(Beginning of Data for analysis)

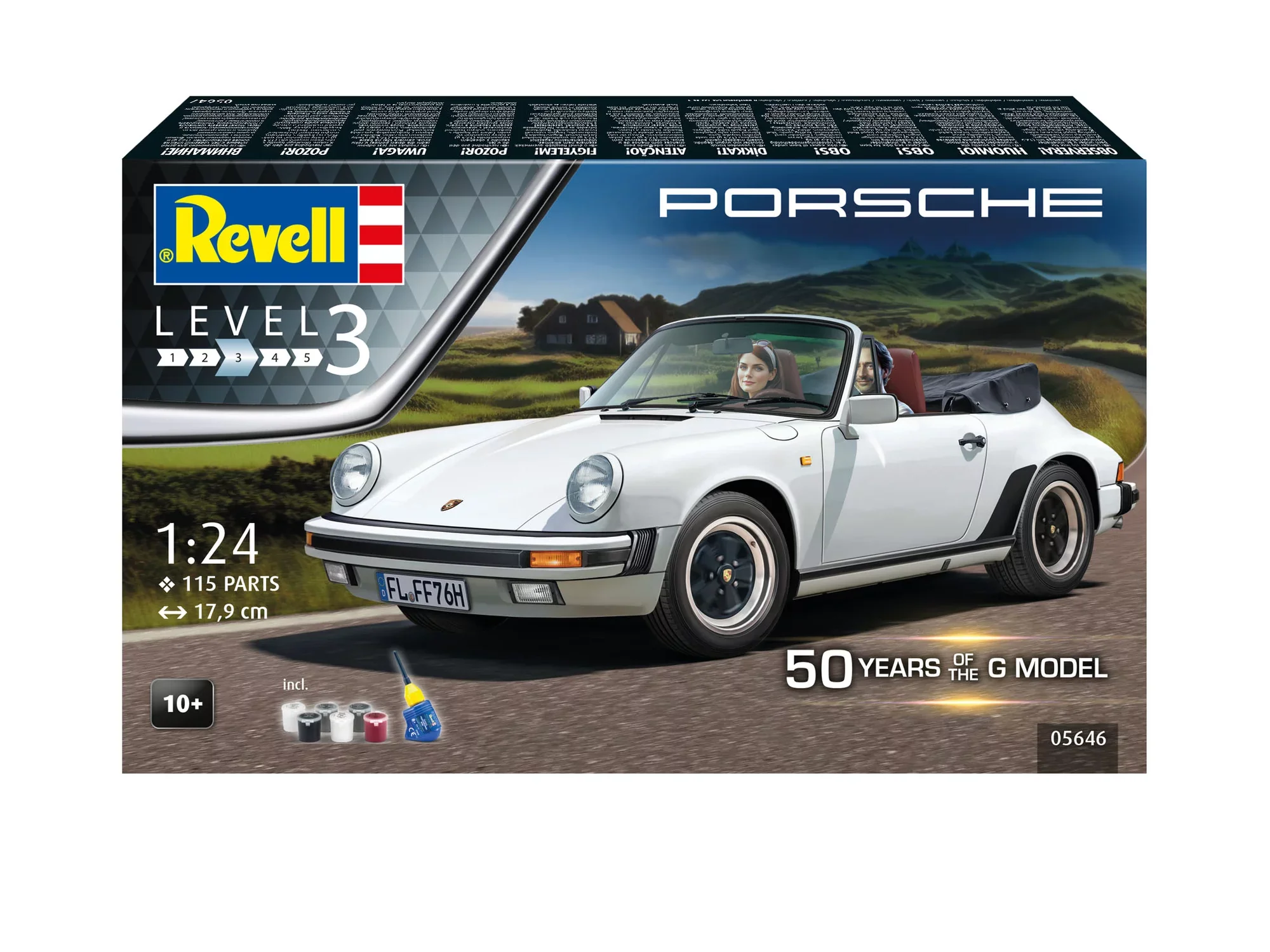 Geschenkset 50 Years of Porsche 911 G-Model - Image 12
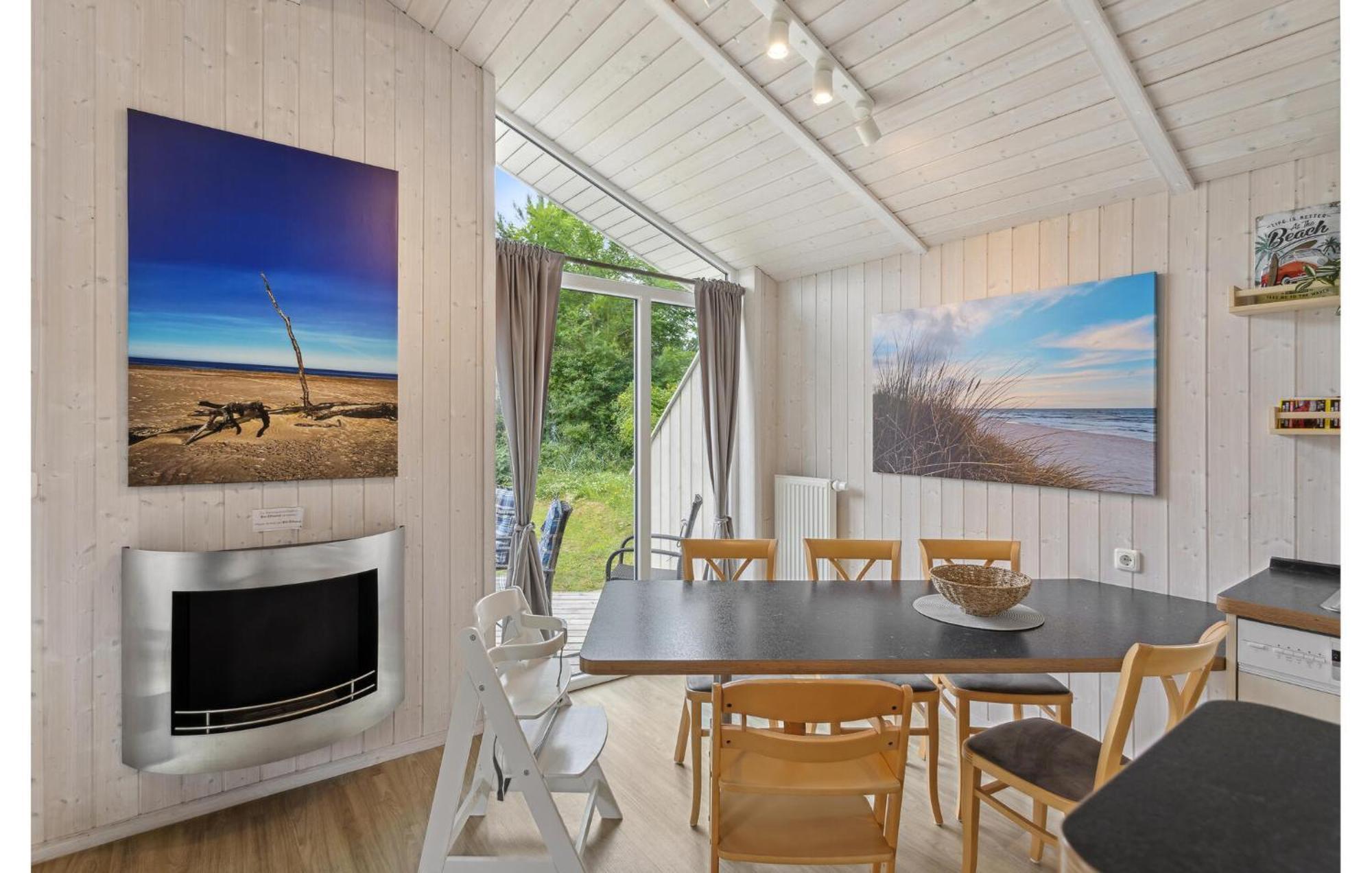 Dünenpark 2d - Dorf 4 P Ferienhaus *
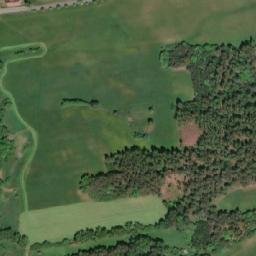 Satellite imagery of [Manětín-Stvolny] church sanctus t., CZ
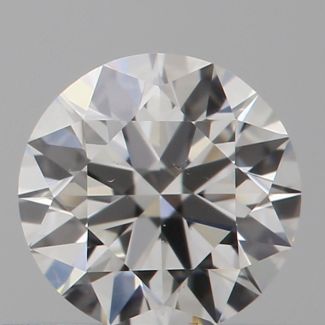 0.4 Carat Round G VS1 EX GIA Natural Diamond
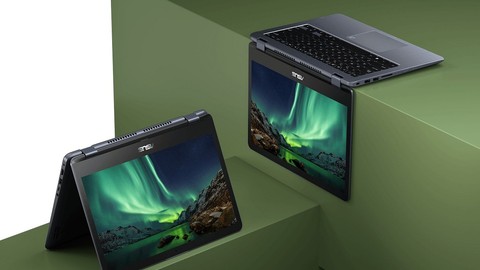 ASUS VivoBook Flip 14 özellikleri belli oldu!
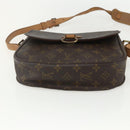 LOUIS VUITTON Monogram Saint Cloud GM Shoulder Bag M51242 LV Auth BA8108-5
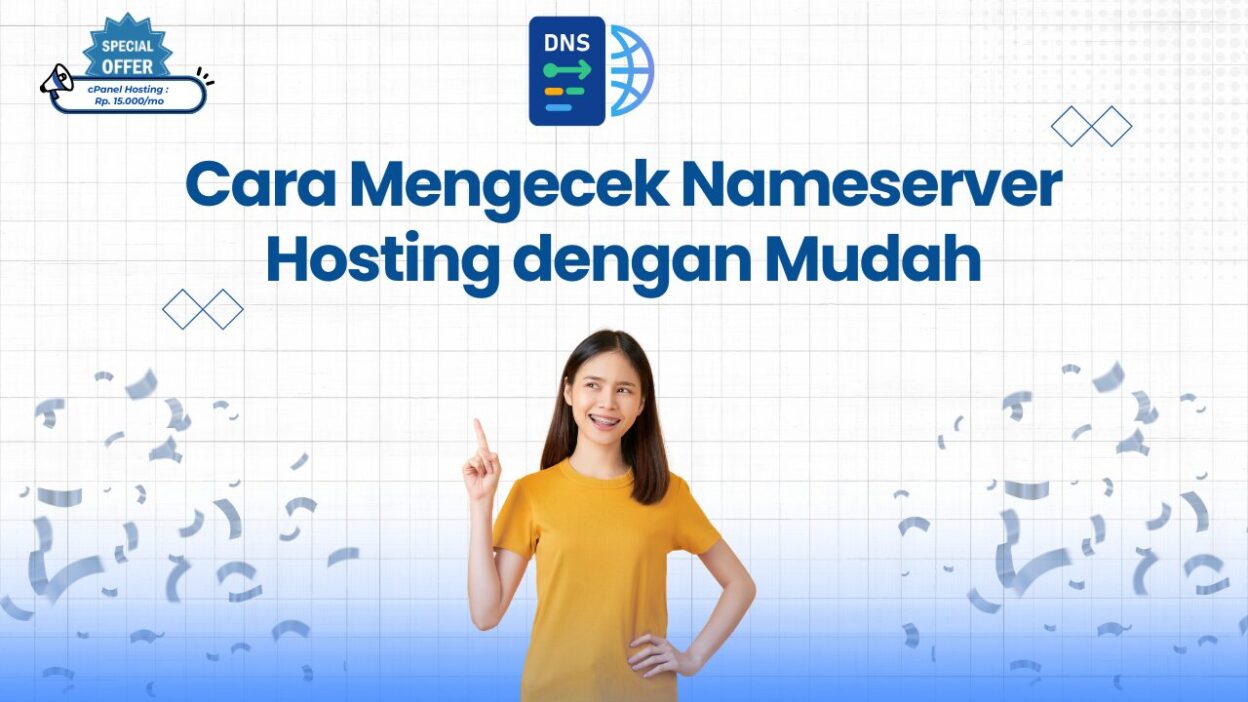 Cara Mengecek Nameserver Hosting dengan Mudah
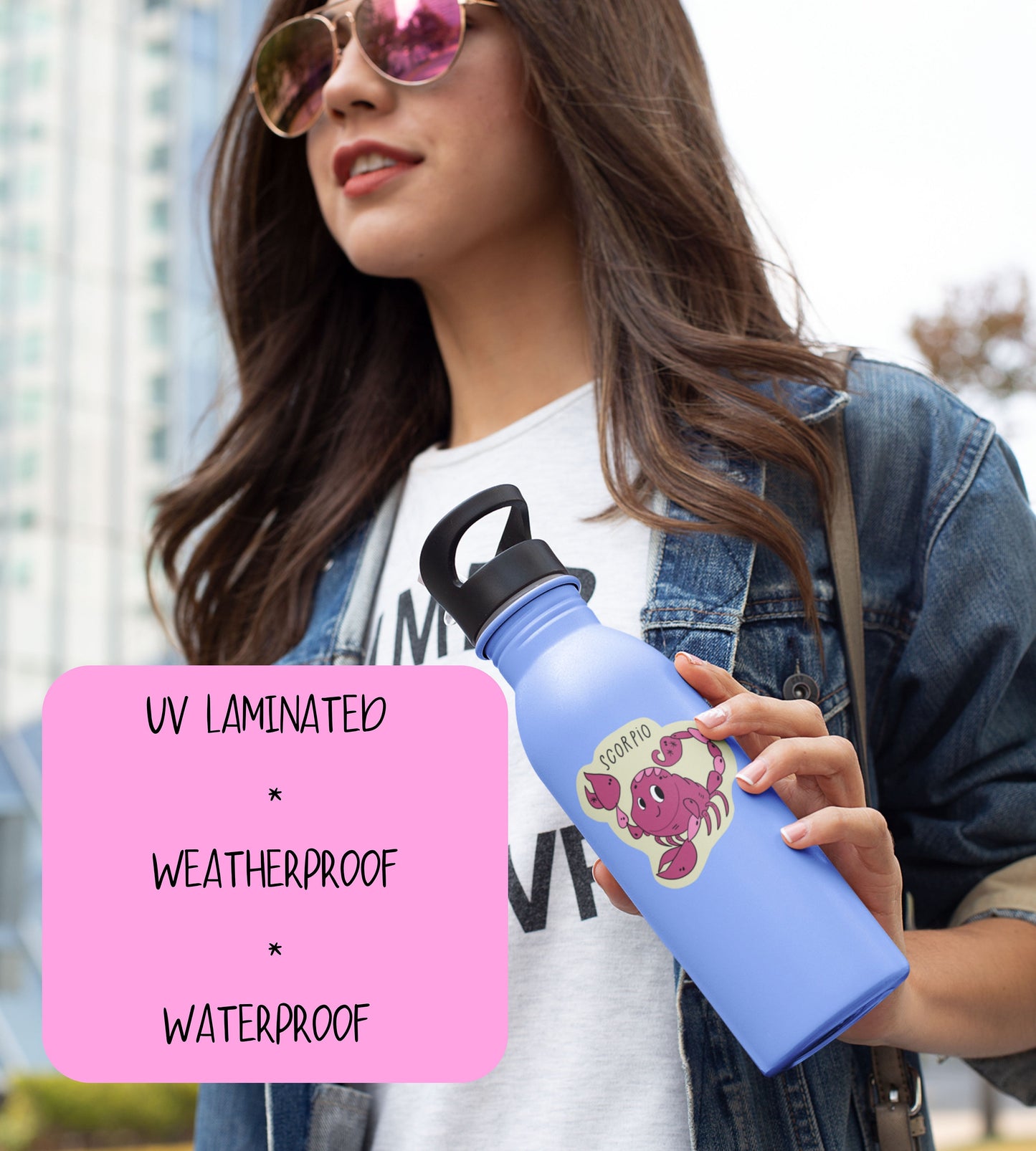 Nessie – Loch & Loaded vinyl sticker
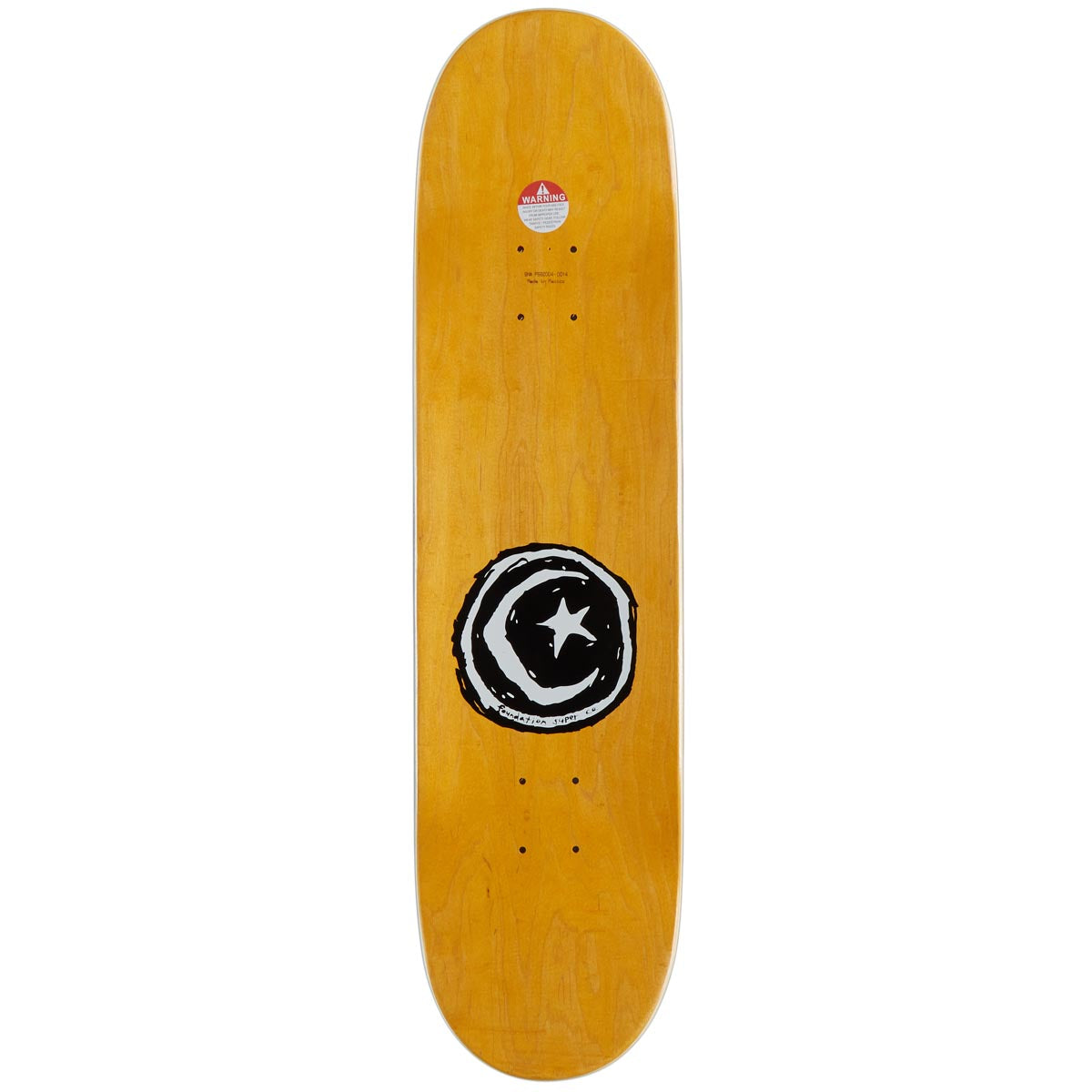 Foundation Mosquito Skateboard Complete - 8.25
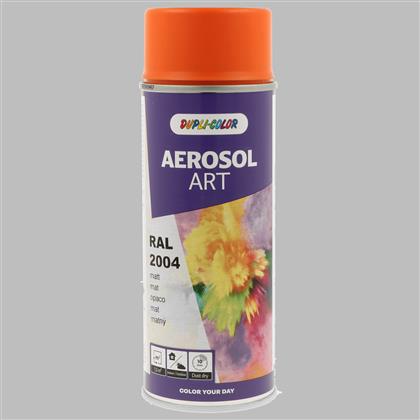Aerosol Art RAL 2004 matt 400
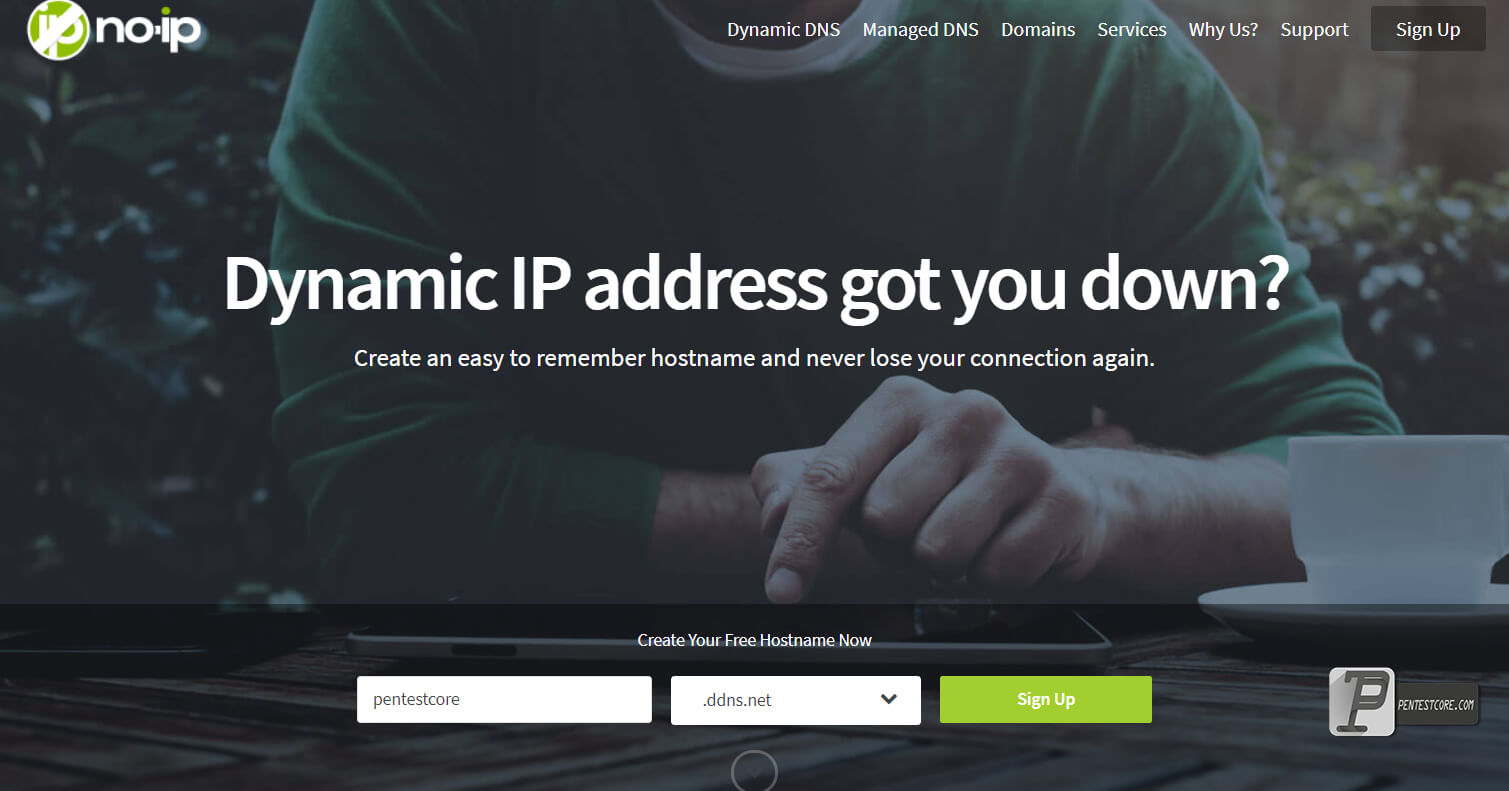 اموزش no ip برای ساخت و اتصال رات بیرون از شبکه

(End of Data for analysis)

:: Problem statement ::
Every line from the one that holds "Dünenpark 2d - Dorf 4 P Ferienhaus *" to the last line of the records above goes into the answer, exactly as written; nothing else does, and no picture does either.

:: Response to this task ::
 Dünenpark 2d - Dorf 4 P Ferienhaus *
 Satellite imagery of [Manětín-Stvolny] church sanctus t., CZ
 0.4 Carat Round G VS1 EX GIA Natural Diamond
 ASUS VivoBook Flip 14 özellikleri belli oldu!
 LOUIS VUITTON Monogram Saint Cloud GM Shoulder Bag M51242 LV Auth BA8108-5
 Cara Mengecek Nameserver Hosting dengan Mudah
 Nessie – Loch & Loaded vinyl sticker
 Foundation Mosquito Skateboard Complete - 8.25
Aerosol Art RAL 2004 matt 400
 اموزش no ip برای ساخت و اتصال رات بیرون از شبکه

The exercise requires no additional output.